I missed that suggestion about the PNG singsing being an invention of the kiaps as I was away on holidays. I'm surprised no one else took it up at the time, but then everyone in the know knew it wasn't so.

Each cultural and ethnic group had and has their own traditional singsings as do many other cultures throughout the world.

The only real difference I knew of in PNG were those people who were referred to by outsiders as Kukukukus. They reportedly seemed to delight in rotating around in a circle and yelling yiah.. yah.... yah.. etc but without the normal kundus and/or garamuts one usually associates with a PNG or Torres Strait Islander singsing group.

Niicaux Blavk

The 'singsing' is deep rooted in the various PNG cultures. It's part of their identity. There are various songs and dances (singsing) for various occasions too, e.g., funerals, pig-killing, bride-price, intitiation, war etc.

If you mean 'singsing' as in Hagen Show or Goroka Show, etc then that is simply a showcase for outsiders to see what these people have in the name of song and dance and so forth. Its set up as a tourist attraction as well.

But to think kiaps invented singsing is just outright absurd :)

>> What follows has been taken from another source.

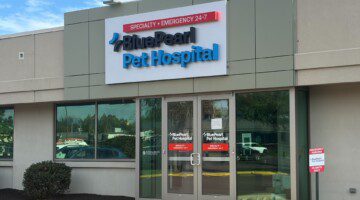 An exterior view of the front of the BluePearl Pet Hospital in Conshohocken, PA.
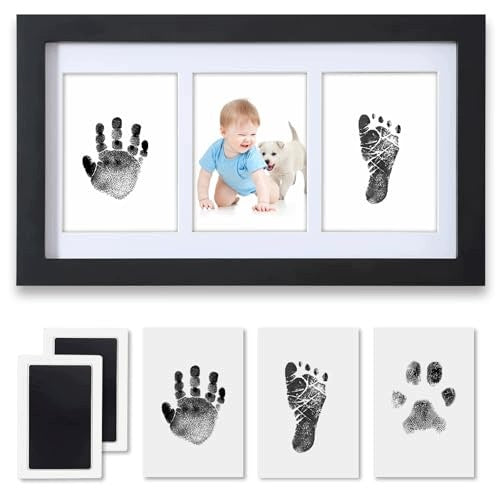 SET OF HAND AND FOOTPRINTS BLACK FOR NEWBORN GIFT MEMORY FOR HOME Brand no brand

On the other matter, concerning Siebrand's query, it sounds interesting. I would love to help out but I first have to check.
Thanks for the toksave.

Peter Warwick

I would appreciate any information on the history of the singsing.

I am told the singsing was not performed in villages as such, but was an invention of kiaps who designed it to bring rival tribes together.

Singing together seemed to ease tensions between the tribes.